Concetti Chiave
- La composizione chimica della materia vivente e non vivente è identica, con atomi presenti nella Tavola periodica e soggetti alle stesse leggi fisico-chimiche.
- L’atomo è composto da elettroni, protoni e neutroni, con i protoni e i neutroni che formano il nucleo e gli elettroni che occupano orbitali nello spazio circostante.
- Gli elettroni possiedono una natura corpuscolare e ondulatoria, e secondo il modello di Heisenberg, si concentrano in regioni probabilistiche anziché seguire orbite definite.
- I legami chimici si formano attraverso interazioni tra elettroni esterni, con la formazione di legami covalenti o ionici in base alla differenza di elettronegatività tra atomi.
- La varietà dei composti nell'Universo deriva dalla combinazione degli atomi, e la formazione di legami comporta generalmente un bilancio energetico favorevole con liberazione di energia.
Composizione chimica della materia
La composizione chimica elementare della materia vivente non differisce da quella della materia non vivente. La prima è caratterizzata da un livello di organizzazione più complesso, ma gli atomi che rientrano nella costituzione sia della materia organica sia di quella inorganica sono della stessa natura, sono inclusi nella Tavola periodica degli elementi e obbediscono alle stesse leggi fisico-chimiche.
Struttura dell'atomo
L’atomo è costituito fondamentalmente da elettroni, protoni e neutroni; oggi sono note particelle costitutive più piccole, i quark.
Protoni e neutroni costituiscono il nucleo dell’atomo; gli elettroni occupano invece livelli energetici che si espandono nello spazio intorno al nucleo
Gli elettroni hanno una duplice natura, corpuscolare e ondulatoria e, secondo il modello atomico di W. Heisenberg, essi non percorrono orbite definite ma si addensano in regioni dello spazio, intorno al nucleo, dette orbitali o nubi di probabilità; lì è maggiore la probabilità di individuarne la posizione.
Legami chimici e loro energia
Molti degli elementi indicati nella Tavola periodica, taluni in piccolissime quantità e altri in maniera preponderante, sono indispensabili per la vita.
La grande varietà dei composti nell’Universo è data dalla combinazione degli atomi tra loro.
I legami fra gli atomi sono dovuti a interazioni tra gli elettroni del livello più esterno e generalmente la formazione di un legame comporta un bilancio energetico favorevole, cioè si instaura con liberazione di energia.
Il numero di ossidazione indica il trasferimento degli elettroni nella formazione dei legami.
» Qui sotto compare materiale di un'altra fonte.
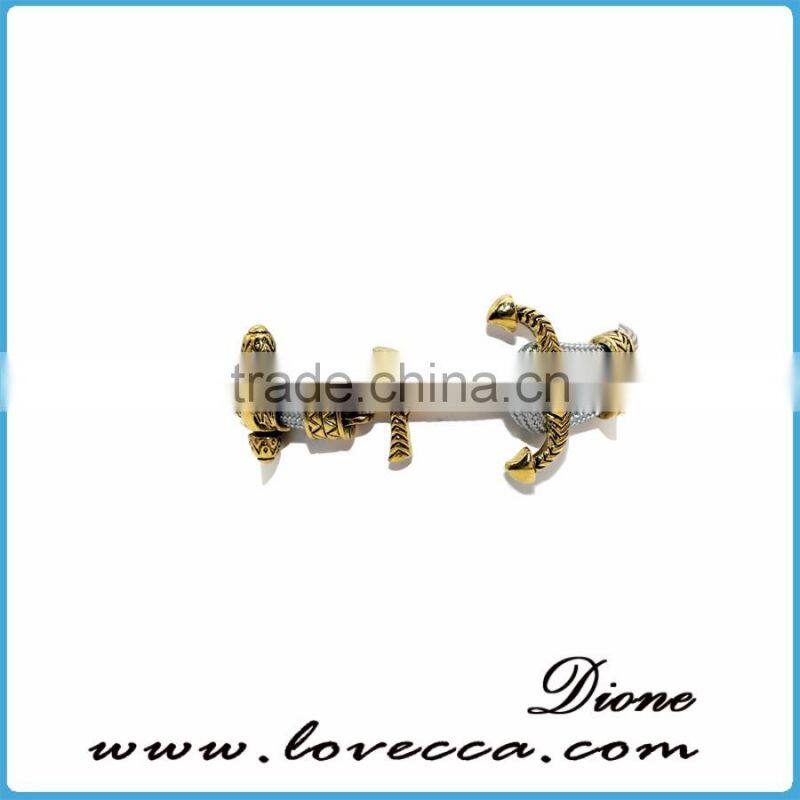 Custom Handmade Men's Genuine Leather Steel Anchor Hook Bracelet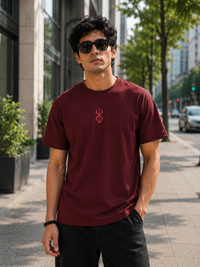 Crimson Oni Mask Brick Red Men's Classic Fit T-Shirt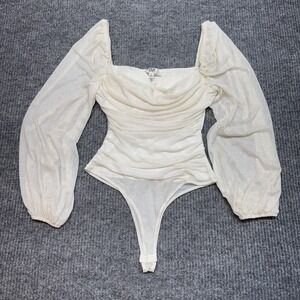 STEPS New York Womens Small Gold Glitter Bodysuit Sheer Sleeves Padded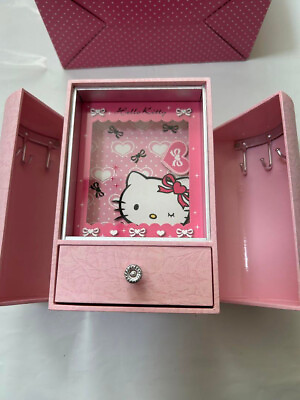 #ad Sanrio 2008 Hello Kitty Pink Music Box Accessory Case Jewelry Box $93.10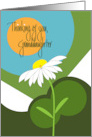 Hand Lettered Thinking of You Granddaughter with Daisy and Heart card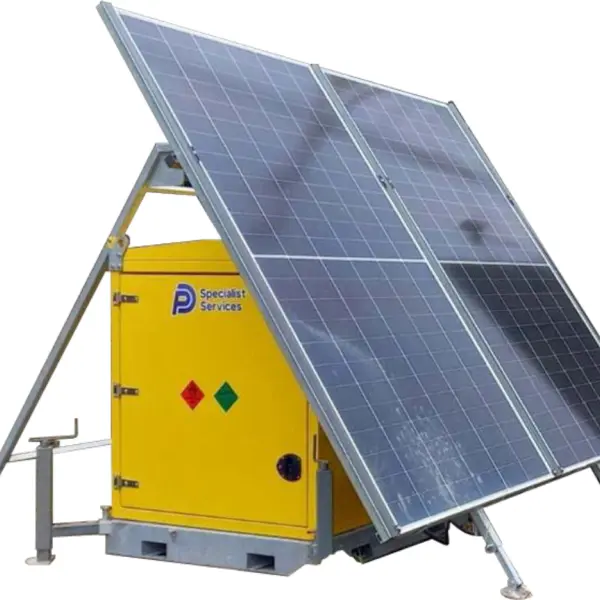 solar hydrogen vault with solar panel on road networks at night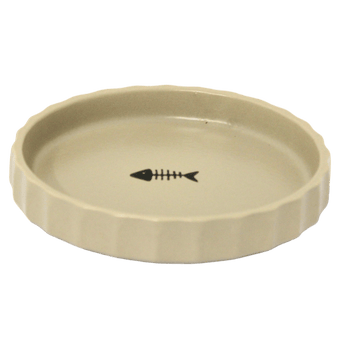 Stoneware Stoneware Grey Shallow Cat Dish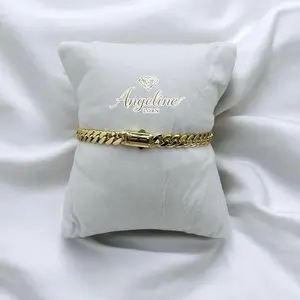 #1226 Pulsera cubano Mónaco 6mm Laminado 14k capa Oro Real Alta Calidad Uso Diario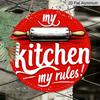 2D Flat, 1pc "My Kitchen My Rules" Retro Aluminum Sign - Round Aluminum Wall Art, Vintage Farmhouse Decor for Kitchen, Cafe, Beach House, Backyard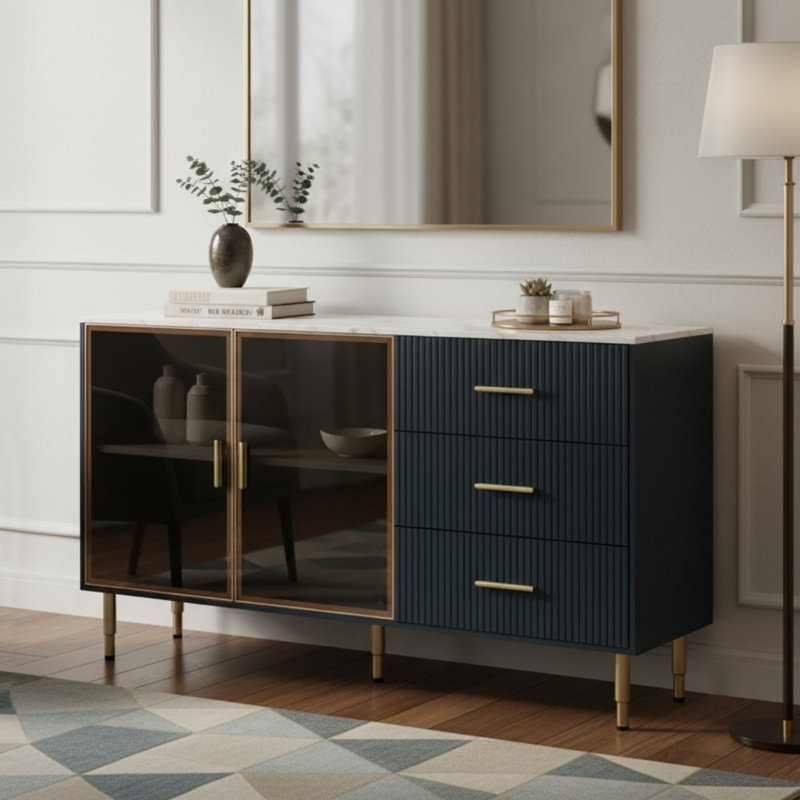 Buffet Modern 60,01 "avec plateau autocollant en marbre et portes en verre trempé jaune ambré pour le salon, le vestibule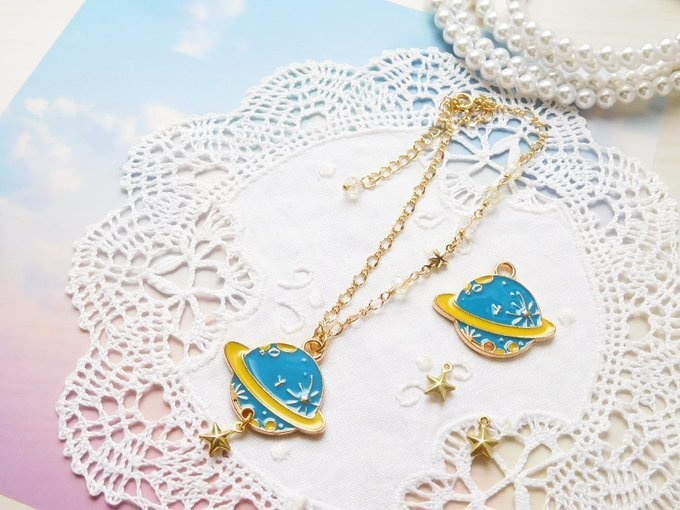 エポ惑星と揺れる星のドール用アシンメトリーネックレス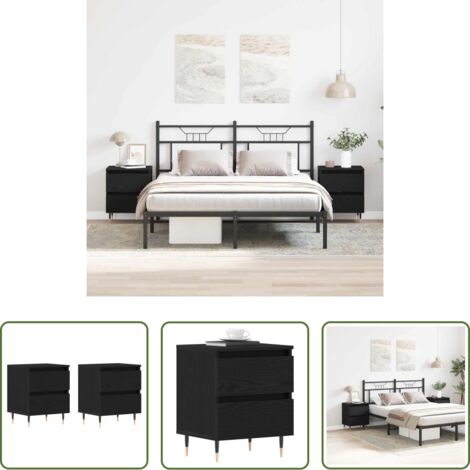 Comodino con cassetto -  Armadio da Notte con cassetto 2 pcs Rovere Nero 40 x 35 x 50 cm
Il legame covalente puro si stabilisce tra gli atomi che hanno la stessa tendenza a cedere o ad acquistare elettroni, mentre il legame covalente polare si instaura fra atomi diversi che presentano affinità elettronica differente. Quando vi è una forte differenza di elettronegatività fra gli atomi che si uniscono in una molecola il legame è definito ionico.
Domande da interrogazione
- Qual è la differenza principale tra la materia vivente e quella non vivente in termini di composizione chimica?
- Qual è la struttura fondamentale di un atomo e quali particelle lo compongono?
- Come si formano i legami chimici e quale ruolo gioca l'energia in questo processo?
La composizione chimica elementare della materia vivente non differisce da quella della materia non vivente; entrambe sono costituite da atomi della stessa natura, ma la materia vivente presenta un livello di organizzazione più complesso (testo).
L'atomo è costituito da elettroni, protoni e neutroni, con i protoni e i neutroni che formano il nucleo, mentre gli elettroni occupano livelli energetici attorno al nucleo (testo).
I legami chimici si formano attraverso interazioni tra gli elettroni del livello più esterno degli atomi, e la loro formazione comporta un bilancio energetico favorevole, con liberazione di energia (testo).